Peter Piller – Richard Prince
Museum for Modern Art, Weserburg
19 June – 31 October 2021
With Richard Prince (*1949) and Peter Piller (*1968), two artists focusing respectively on American myths and the realities of life in Germany — different generations, diverse worlds —, there is an encounter at the Weserburg Museum for Modern Art between two extremely original artistic oeuvres offering exemplary presentations of life and thought in and through pictures.
Cowboys, rockers and their girlfriends, pictures full of macho eroticism, chauvinistic cartoons and stereotypical cars on the one hand. Plots of land for future development, unpleasant neighbors, fleeing birds and office drawings on the other. Significant visual values are juxtaposed with absurd images of everyday life. In terms of both form and contents, the pictorial worlds of Prince and Piller could scarcely be more different.
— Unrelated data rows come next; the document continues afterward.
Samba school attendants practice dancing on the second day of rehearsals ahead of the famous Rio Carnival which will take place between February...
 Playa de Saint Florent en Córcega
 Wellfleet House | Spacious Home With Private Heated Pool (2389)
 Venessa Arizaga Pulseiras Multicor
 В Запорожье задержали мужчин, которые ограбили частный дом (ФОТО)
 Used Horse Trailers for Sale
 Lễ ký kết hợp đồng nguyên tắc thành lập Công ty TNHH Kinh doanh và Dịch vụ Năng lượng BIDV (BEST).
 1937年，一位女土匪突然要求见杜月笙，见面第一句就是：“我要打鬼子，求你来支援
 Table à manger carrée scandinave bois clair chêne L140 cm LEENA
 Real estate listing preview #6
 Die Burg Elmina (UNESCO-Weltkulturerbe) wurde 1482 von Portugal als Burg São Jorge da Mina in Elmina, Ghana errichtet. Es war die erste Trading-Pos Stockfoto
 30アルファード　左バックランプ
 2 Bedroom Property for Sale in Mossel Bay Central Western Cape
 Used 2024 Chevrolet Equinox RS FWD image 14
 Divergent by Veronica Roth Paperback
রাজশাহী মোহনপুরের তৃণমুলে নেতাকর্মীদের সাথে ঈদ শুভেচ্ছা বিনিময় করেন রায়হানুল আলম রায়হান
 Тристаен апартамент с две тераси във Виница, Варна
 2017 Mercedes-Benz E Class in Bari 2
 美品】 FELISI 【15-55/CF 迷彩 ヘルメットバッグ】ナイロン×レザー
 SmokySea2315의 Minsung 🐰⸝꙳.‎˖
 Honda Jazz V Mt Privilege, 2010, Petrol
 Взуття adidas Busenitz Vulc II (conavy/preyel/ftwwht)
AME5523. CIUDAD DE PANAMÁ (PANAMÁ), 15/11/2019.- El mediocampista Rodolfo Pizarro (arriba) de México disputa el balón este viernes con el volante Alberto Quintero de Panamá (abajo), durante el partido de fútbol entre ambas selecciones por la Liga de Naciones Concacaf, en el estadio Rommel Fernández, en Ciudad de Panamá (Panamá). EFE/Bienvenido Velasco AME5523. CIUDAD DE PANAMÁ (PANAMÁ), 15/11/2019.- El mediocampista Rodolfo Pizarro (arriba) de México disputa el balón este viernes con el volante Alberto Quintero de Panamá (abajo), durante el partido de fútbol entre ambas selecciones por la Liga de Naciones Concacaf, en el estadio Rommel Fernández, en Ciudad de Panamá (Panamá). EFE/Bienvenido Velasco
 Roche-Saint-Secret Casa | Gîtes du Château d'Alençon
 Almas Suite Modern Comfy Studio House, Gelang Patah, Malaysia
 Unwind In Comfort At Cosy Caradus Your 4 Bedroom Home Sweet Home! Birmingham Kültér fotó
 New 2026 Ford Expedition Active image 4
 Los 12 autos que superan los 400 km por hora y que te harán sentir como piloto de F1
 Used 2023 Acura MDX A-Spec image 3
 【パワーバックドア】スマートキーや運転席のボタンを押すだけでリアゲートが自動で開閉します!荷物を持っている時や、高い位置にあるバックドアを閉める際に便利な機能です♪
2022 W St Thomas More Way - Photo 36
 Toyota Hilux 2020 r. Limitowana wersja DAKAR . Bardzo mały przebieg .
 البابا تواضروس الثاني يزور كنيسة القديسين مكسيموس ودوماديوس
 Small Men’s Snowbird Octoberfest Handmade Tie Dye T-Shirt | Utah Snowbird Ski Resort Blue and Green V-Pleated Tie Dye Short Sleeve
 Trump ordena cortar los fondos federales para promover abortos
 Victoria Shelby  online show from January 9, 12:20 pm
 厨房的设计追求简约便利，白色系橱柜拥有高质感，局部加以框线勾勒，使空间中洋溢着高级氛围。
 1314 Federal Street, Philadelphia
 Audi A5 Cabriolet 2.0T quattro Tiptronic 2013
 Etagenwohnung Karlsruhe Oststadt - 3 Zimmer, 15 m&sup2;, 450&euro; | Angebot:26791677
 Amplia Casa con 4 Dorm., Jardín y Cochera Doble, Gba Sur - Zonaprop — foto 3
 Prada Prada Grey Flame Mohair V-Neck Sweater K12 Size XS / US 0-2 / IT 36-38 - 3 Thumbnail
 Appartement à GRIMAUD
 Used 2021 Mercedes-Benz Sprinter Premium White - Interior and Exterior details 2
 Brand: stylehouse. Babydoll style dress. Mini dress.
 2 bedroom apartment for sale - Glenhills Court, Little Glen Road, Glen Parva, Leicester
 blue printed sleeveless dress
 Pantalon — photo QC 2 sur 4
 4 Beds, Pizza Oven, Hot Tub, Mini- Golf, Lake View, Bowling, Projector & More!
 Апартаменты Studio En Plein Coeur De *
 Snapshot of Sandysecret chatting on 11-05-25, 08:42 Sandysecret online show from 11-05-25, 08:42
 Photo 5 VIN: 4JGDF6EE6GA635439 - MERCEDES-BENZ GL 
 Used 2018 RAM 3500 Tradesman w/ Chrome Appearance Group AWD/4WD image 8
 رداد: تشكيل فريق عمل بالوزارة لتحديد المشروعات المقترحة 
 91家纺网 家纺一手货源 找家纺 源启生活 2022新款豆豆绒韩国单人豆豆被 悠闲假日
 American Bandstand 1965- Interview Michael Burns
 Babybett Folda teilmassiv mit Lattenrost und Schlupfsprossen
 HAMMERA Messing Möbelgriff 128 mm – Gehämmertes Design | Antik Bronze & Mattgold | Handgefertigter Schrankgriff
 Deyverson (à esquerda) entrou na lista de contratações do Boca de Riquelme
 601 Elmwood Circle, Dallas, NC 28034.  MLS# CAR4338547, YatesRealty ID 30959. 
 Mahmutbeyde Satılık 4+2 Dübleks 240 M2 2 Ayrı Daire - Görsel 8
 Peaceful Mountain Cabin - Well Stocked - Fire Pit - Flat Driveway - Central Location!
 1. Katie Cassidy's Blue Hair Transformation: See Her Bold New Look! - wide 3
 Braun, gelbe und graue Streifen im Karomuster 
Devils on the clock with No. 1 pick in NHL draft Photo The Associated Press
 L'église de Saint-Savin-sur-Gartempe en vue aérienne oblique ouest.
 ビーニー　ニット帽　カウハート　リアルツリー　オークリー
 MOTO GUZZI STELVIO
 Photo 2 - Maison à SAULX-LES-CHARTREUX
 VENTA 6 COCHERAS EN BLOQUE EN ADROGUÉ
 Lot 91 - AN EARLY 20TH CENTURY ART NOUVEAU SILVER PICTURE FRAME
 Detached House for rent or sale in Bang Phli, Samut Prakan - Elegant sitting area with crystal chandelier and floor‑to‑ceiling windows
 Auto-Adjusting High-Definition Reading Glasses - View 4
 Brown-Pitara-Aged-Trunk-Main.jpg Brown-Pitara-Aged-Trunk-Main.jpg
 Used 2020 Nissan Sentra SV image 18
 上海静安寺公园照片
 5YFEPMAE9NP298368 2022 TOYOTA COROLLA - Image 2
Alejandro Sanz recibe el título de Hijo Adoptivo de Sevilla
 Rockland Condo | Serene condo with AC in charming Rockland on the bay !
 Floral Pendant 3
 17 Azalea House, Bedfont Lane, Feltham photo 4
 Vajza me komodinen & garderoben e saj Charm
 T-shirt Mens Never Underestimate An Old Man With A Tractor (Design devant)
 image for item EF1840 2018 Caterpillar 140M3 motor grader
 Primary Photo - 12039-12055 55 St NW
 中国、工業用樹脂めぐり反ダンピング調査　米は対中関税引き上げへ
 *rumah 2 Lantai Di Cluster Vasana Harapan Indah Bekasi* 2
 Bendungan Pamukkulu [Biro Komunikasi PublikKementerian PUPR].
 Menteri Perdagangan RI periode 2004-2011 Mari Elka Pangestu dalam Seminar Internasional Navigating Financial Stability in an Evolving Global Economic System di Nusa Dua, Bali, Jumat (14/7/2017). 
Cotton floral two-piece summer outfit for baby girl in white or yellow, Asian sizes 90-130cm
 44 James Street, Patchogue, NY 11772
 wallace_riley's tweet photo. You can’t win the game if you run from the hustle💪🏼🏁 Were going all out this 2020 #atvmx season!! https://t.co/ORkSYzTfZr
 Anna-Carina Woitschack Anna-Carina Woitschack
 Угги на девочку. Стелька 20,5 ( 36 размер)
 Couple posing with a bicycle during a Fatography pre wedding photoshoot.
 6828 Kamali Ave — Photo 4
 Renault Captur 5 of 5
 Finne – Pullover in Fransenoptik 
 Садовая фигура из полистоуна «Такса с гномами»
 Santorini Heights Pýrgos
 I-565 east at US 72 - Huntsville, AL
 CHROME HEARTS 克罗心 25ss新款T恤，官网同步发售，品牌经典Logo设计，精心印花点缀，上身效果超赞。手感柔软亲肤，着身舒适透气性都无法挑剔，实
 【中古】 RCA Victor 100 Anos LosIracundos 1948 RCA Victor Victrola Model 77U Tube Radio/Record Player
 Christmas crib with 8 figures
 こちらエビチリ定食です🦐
Yet alongside these obvious, radical differences, it is the surprising similarities and comparable artistic strategies that make an encounter between Prince and Piller so fascinating. Both artists use images they find in the media — such as press- or advertisement-photos — that they appropriate and transform into art. Prince ever since the 1970s, Piller starting some twenty years later. Questions regarding authenticity and originality are addressed along with the influence of pictures on our imagination of reality. Desires, fantasies and the superficialities of everyday life are brought to light — with both merciless harshness and analytical subtlety.
Peter Piller values the “advantages of a lack of intention.” In his archives, he accordingly collects amateurish press photos of unspectacular situations with regional significance. He shows aerial views of German residential areas or redesigns the cover of the military magazine Armeerundschau from the days of the German Democratic Republic. These are documents of a petty-bourgeois society which, seen with Piller’s eyes, turns out to have grotesque characteristics. Recently he has turned his attention to black-and-white pictorial documentation of cave drawings, the oldest traces of human civilization.
In contrast, Richard Prince creates seductive symbols of America. He as well prefers to work serially. His Marlboro cowboys, Playmates or cars catch our eye as auratic individual images with strong visual impact. Here the “American dream” of individual freedom is still alive; there is a collision between images of women and male fantasies. Many of his works seem disturbing at a first glance. They are eye-catching, direct and, in a certain sense, immediately comprehensible. At the same time, however, they are characterized by an intellectual precision and ambiguous complexity that only gradually becomes apparent.
The exhibition at the Weserburg is extended in a separate room with Peter Piller’s first sound installation. It can be interpreted as a both pensive and humorous reference to our overly stimulated and breathless media world. What is to be heard is a compilation of excerpts from the cantatas of Johann Sebastian Bach in which the word Geduld (“patience”) is sung from time to time and echoes long afterwards.